▸ **Supplied data**

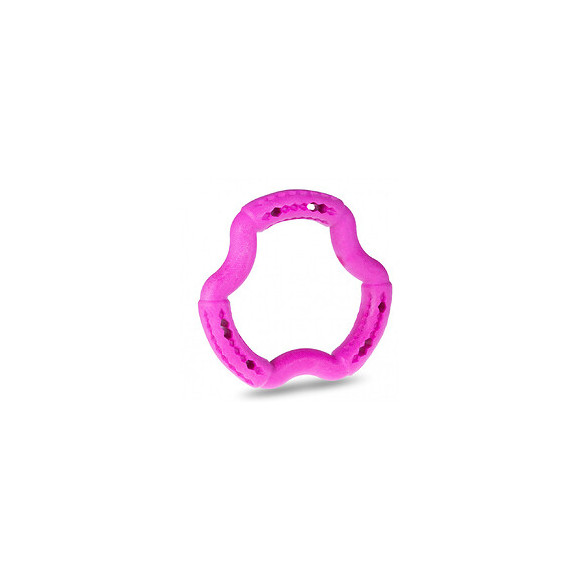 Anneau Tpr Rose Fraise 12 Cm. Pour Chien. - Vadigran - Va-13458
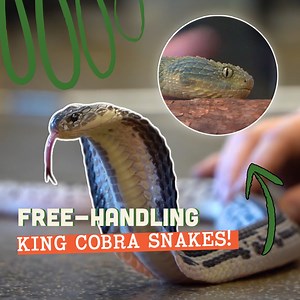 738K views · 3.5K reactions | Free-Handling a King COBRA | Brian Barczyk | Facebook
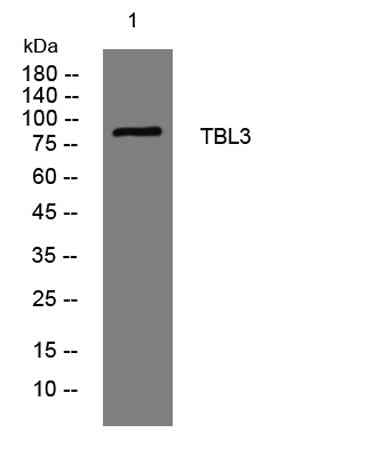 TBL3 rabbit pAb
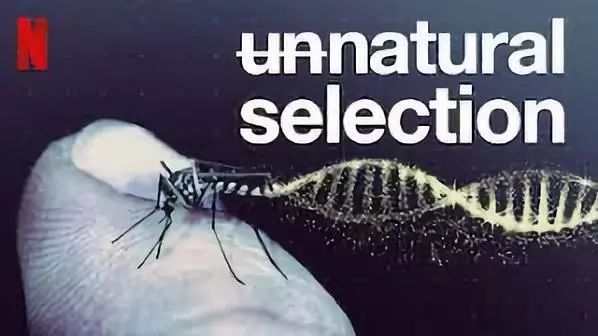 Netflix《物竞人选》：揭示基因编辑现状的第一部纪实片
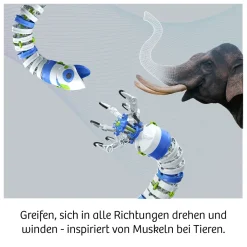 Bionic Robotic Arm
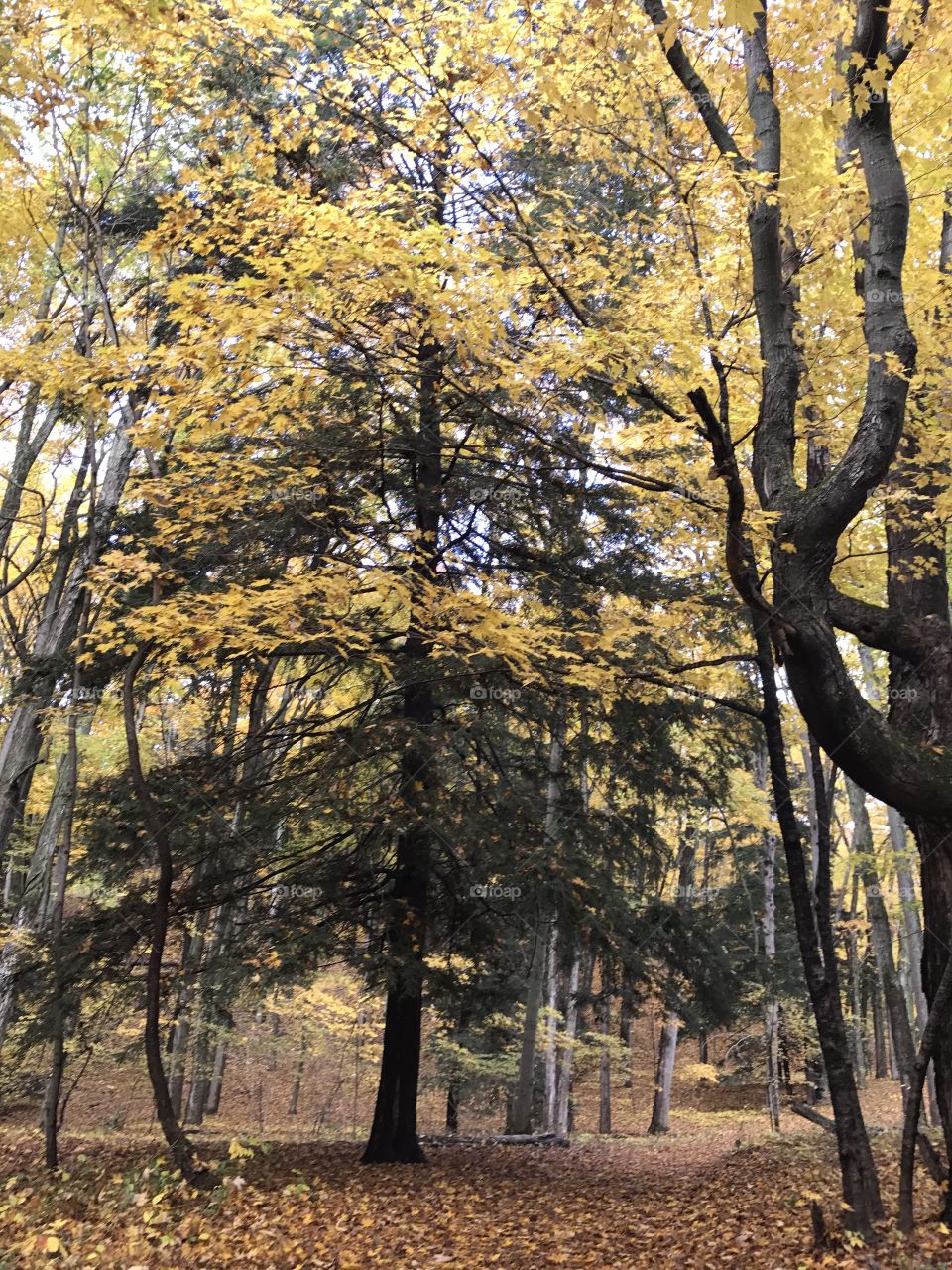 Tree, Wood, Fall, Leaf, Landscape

▸ **Task brief**
The answer must be the full listing, exact in every line, with the pictures removed.

▸ **Solution below**
 Anneau Tpr Rose Fraise 12 Cm. Pour Chien. - Vadigran - Va-13458
 738K views · 3.5K reactions | Free-Handling a King COBRA | Brian Barczyk | Facebook
 TBL3 rabbit pAb
 Netflix《物竞人选》：揭示基因编辑现状的第一部纪实片
 Bionic Robotic Arm
 Tree, Wood, Fall, Leaf, Landscape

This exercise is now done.